Josh Ireland (2018) The Traitors: A True Story of Blood, Betrayal and Deceit.

Josh Ireland’s The Traitors was an Observer Book of the year and it’s terrific. A history book written like a novel and takes the reader from the hungry thirties to the post-war triumph of the new-world order. For those that backed the Axis powers and the Nazis, but were born in Britain, traitors to a man, there could be no redemption, but not all faced the hangman’s rope.

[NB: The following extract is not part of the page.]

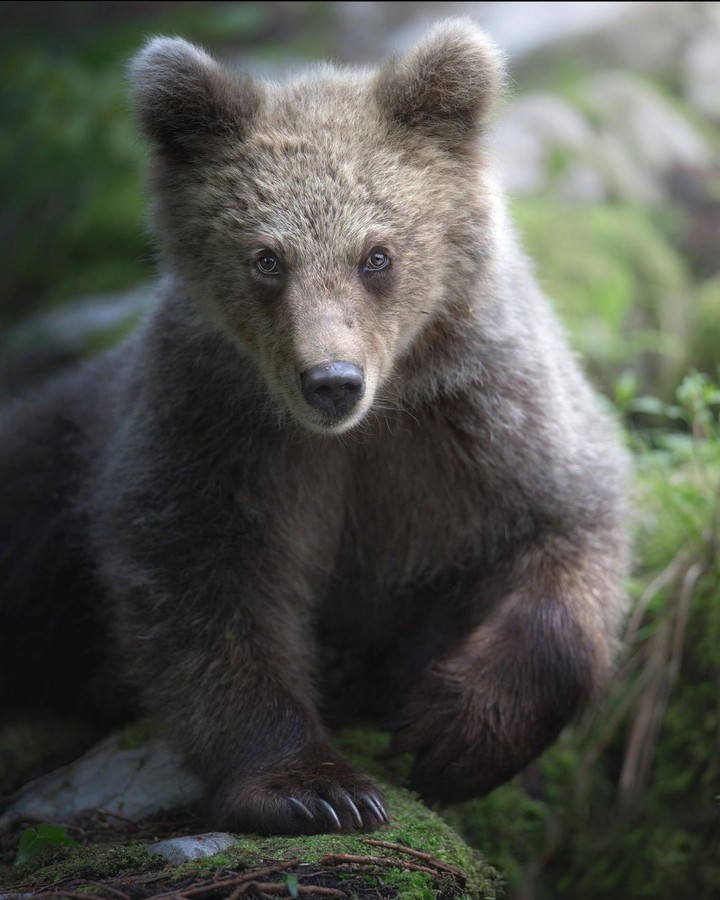 Teddy Bear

There are parallels now with the nineteen thirties with the growth in right-wing governments. The narcissistic demand to be worshipped and the simplistic ideology of them and us. In Trump’s world view, for example, it’s not the wicked Jews, but Muslims, non-whites, Mexicans and those that have the wrong kind of children, poor children that are suspect. They are to blame for all of society’s ills. Borders need to be reinforced. Sanctions taken. More barbed wire, walls and prisons built.  If they just had the right kind of children, rich children, we wouldn’t have these problems is the right kind of conservative belief. If governments, bureaucrats, and little men just got out of the way of the market, and gave free rein to the whip hand of employers. Stupid is, as stupid does. Britain First sounds very much like Make America Great Again and the hidden hand is an iron fist.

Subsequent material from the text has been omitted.